LG OLED Objet Pose. Piękny obraz, to i piękny telewizor. Gdzie wady? Recenzja
Niektórzy oczekują od telewizora więcej niż tylko dobrego obrazu czy funkcji smart. Entuzjaści wzornictwa i sztuki szukają urządzeń, które będą podkreślać stylowość pomieszczeń, w jakich się znajdują. LG OLED Objet Posé to odpowiedź na ten popyt.
Zapotrzebowanie na designerskie telewizory jako pierwszy odkrył Samsung. Jego linia odbiorników The Frame, imitujących wiszące na ścianie obrazy, okazała się wielkim sukcesem. Samsung wprowadził też The Serif, czyli telewizor w wyjątkowo wyszukanej obudowie (i równie przyciągającym wzrok stojaku).
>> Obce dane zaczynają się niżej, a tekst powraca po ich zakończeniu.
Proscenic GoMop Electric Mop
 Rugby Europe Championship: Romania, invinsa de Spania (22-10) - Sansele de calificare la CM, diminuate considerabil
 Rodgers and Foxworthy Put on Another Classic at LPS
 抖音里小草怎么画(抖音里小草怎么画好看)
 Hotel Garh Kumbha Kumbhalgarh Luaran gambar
LG zdecydowało się spróbować czegoś podobnego.
Zdecydowano przy tym, że klient oglądający się na piękne telewizory oczekuje też po nich najlepszych dostępnych technologii. Samsung nie stosuje w swoich designerskich telewizorach swoich najlepszych paneli. Tymczasem LG OLED Objet Posé wyposażony jest w matrycę OLED Ex, do niedawna najlepszą matrycę typu WOLED. Z jakim efektem?
LG OLED Objet Posé. Nie tylko wyszukany, ale i funkcjonalny design.
Wyszukana forma tego telewizora nie jest (tylko) dla picu. Krzywizny i zagłębienia niejednokrotnie pełnią też funkcję prowadnic dla przewodów, dzięki czemu telewizor można ustawić na różne sposoby i nie obawiać się, że efekt zrujnują wijące się kable. LG OLED Objet Posé jest przy tym aż miły w dotyku. Gdzie nie ma miękkiego plastiku wysokiej jakości, tam uzupełnia go ekskluzywny materiał Kvadrat.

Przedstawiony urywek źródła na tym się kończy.